In the fourth quarter, no drilling activities took place in Lake Erie as the 20-
well program for the year had been completed early in the third quarter.
/T/
Quarterly Information
2004 2003
Q4 Q3 Q2 Q1 Q4 Q3 Q2 Q1
-------------------------------------------------------
Financial
Revenue, net of
royalties 43,110 43,989 40,674 38,540 37,698 33,378 28,615 32,185
Per unit 0.81 0.84 0.79 0.76 0.75 0.79 0.75 0.85
Funds flow from
operations 29,633 30,809 28,789 26,651 24,414 23,615 19,844 24,545
Per unit 0.56 0.59 0.56 0.52 0.48 0.56 0.52 0.65
Net income 11,754 13,279 10,871 8,963 2,679 8,701 24,381 12,909
Per unit 0.22 0.25 0.21 0.18 0.05 0.21 0.64 0.34
/T/
Critical Accounting Estimates
The significant accounting policies used by NAL are disclosed in the notes to
NAL's December 31, 2004 audited financial statements. Certain accounting
policies require that management make appropriate decisions when formulating
estimates and assumptions that affect the reported amounts of assets,
liabilities, revenues and expenses. The following discusses such accounting
policies and is included in Management's Discussion and Analysis to assist
investors in assessing the critical accounting policies and practices of NAL,
and the likelihood of materially different results being reported. NAL's
management reviews its estimates regularly. The emergence of new information and
changed circumstances may result in actual results or changes to estimated
amounts that differ materially from current estimates.

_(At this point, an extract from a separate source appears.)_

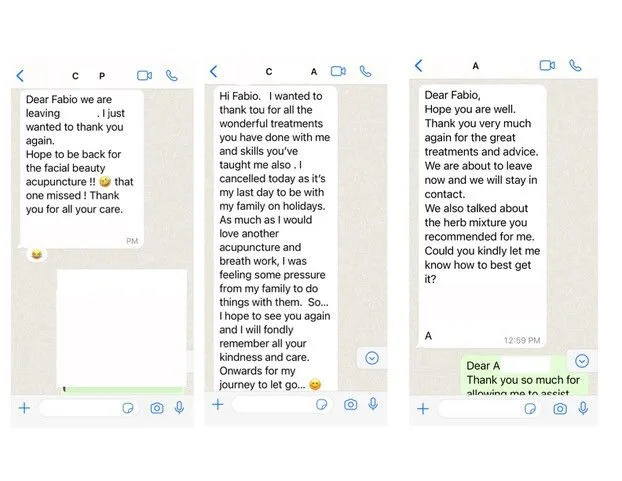 screenshot of patient text message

The following assessment of significant accounting policies is not meant to be
exhaustive. NAL might realize different results from the application of new
accounting standards published, from time to time, by various regulatory bodies.
Proved Oil and Gas Reserves
Under National Instrument 51-101 (NI 51-101), "proved" reserves are those
reserves that can be estimated with a high degree of certainty to be recoverable
(it is likely that the actual remaining quantities recovered will exceed the
estimated proved reserves). In accordance with this definition, the level of
certainty targeted by the reporting company should result in at least a 90%
probability at a company aggregate level that the quantities actually recovered
will equal or exceed the estimated reserves. There was no such consideration of
probability under previous reporting rules. In the case of "probable" reserves,
which are less certain to be recovered than proved reserves, NI 51-101 states
that it must be equally likely that the actual remaining quantities recovered
will be greater or less than the sum of the estimated proved plus probable
("P+P") reserves. As for certainty, in order to report reserves as P+P, the
reporting company must believe that there is at least 50% probability at a
company aggregate level that the quantities actually recovered will equal or
exceed the sum of the estimated P+P reserves. The implementation of NI 51-101
has resulted in a more rigorous and uniform standardization of reserve
evaluation.
The oil and gas reserve estimates are made using all available geological and
reservoir data as well as historical production data. Estimates are reviewed and
revised as appropriate. Revisions occur as a result of changes in prices, costs,
fiscal regimes, reservoir performance or a change in NAL's plans. The effect of
changes in proved oil and gas reserves on the financial results and position of
NAL is described under the heading "Full Cost Accounting for Oil and Gas
Activities (Ceiling Test)".
Depletion Expense
NAL uses the full cost method of accounting for exploration and development
activities. In accordance with this method of accounting, all costs associated
with exploration and development are capitalized whether or not the activities
funded were successful. The aggregate of net capitalized costs and estimated
future development costs, less estimated salvage values, is amortized using the
unit of production method based on estimated proved oil and gas reserves.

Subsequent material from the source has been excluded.